Could a New Method of Acromiohumeral Distance Measurement Emerge? Artificial Intelligence vs. Physician.
Authors
Affiliations (5)
Affiliations (5)
- Department of Physical Medicine and Rehabilitation, Prof. Dr. Cemil Tascioglu City Hospital, Istanbul, Turkey. [email protected].
- Department of Radiology, Basaksehir Cam and Sakura City Hospital, Istanbul, Turkey.
- Department of Physical Medicine and Rehabilitation, Istanbul Training and Research Hospital, Istanbul, Turkey.
- Department of Physical Medicine and Rehabilitation, Golcuk Necati Celik State Hospital, Kocaeli, Turkey.
- Department of Physical Medicine and Rehabilitation, Basaksehir Cam and Sakura City Hospital, Istanbul, Turkey.
Abstract
The aim of this study was to evaluate the reliability of ChatGPT-4 measurement of acromiohumeral distance (AHD), a popular assessment in patients with shoulder pain.

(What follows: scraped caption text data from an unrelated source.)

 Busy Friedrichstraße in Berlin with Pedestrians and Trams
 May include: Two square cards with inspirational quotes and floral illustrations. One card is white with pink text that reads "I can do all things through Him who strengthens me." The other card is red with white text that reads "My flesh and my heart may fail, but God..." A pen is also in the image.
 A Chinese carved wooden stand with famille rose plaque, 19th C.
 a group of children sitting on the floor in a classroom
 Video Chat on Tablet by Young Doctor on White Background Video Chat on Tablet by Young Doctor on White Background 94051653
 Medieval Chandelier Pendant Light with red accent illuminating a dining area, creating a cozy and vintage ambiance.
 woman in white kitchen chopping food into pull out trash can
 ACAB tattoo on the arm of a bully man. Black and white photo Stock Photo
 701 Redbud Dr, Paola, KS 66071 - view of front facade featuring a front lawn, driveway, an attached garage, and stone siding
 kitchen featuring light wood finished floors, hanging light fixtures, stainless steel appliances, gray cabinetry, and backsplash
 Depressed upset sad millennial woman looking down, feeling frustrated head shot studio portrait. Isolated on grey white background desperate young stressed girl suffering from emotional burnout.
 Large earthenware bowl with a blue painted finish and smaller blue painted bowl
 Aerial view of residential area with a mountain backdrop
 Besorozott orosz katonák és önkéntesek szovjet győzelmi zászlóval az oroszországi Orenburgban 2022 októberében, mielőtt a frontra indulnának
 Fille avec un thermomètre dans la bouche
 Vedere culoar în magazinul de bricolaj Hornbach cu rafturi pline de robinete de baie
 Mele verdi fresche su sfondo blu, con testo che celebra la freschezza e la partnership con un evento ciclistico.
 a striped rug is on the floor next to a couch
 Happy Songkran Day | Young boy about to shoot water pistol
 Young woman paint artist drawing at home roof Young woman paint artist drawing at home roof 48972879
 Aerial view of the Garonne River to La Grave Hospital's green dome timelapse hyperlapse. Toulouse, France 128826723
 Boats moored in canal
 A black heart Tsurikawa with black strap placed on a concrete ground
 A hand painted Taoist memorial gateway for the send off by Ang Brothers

In this retrospective study, 71 registered shoulder magnetic resonance imaging (MRI) scans were included. AHD measurements were performed on a coronal oblique T1 sequence with a clear view of the acromion and humerus. Measurements were performed by an experienced radiologist twice at 3-day intervals and by ChatGPT-4 twice at 3-day intervals in different sessions. The first, second, and mean values of AHD measured by the physician were 7.6 ± 1.7, 7.5 ± 1.6, and 7.6 ± 1.7, respectively. The first, second, and mean values measured by ChatGPT-4 were 6.7 ± 0.8, 7.3 ± 1.1, and 7.1 ± 0.8, respectively. There was a significant difference between the physician and ChatGPT-4 between the first and mean measurements (p < 0.0001 and p = 0.009, respectively). However, there was no significant difference between the second measurements (p = 0.220). Intrarater reliability for the physician was excellent (ICC = 0.99); intrarater reliability for ChatGPT-4 was poor (ICC = 0.41). Interrater reliability was poor (ICC = 0.45). In conclusion, this study demonstrated that the reliability of ChatGPT-4 in AHD measurements is inferior to that of an experienced radiologist. This study may help improve the possible future contribution of large language models to medical science.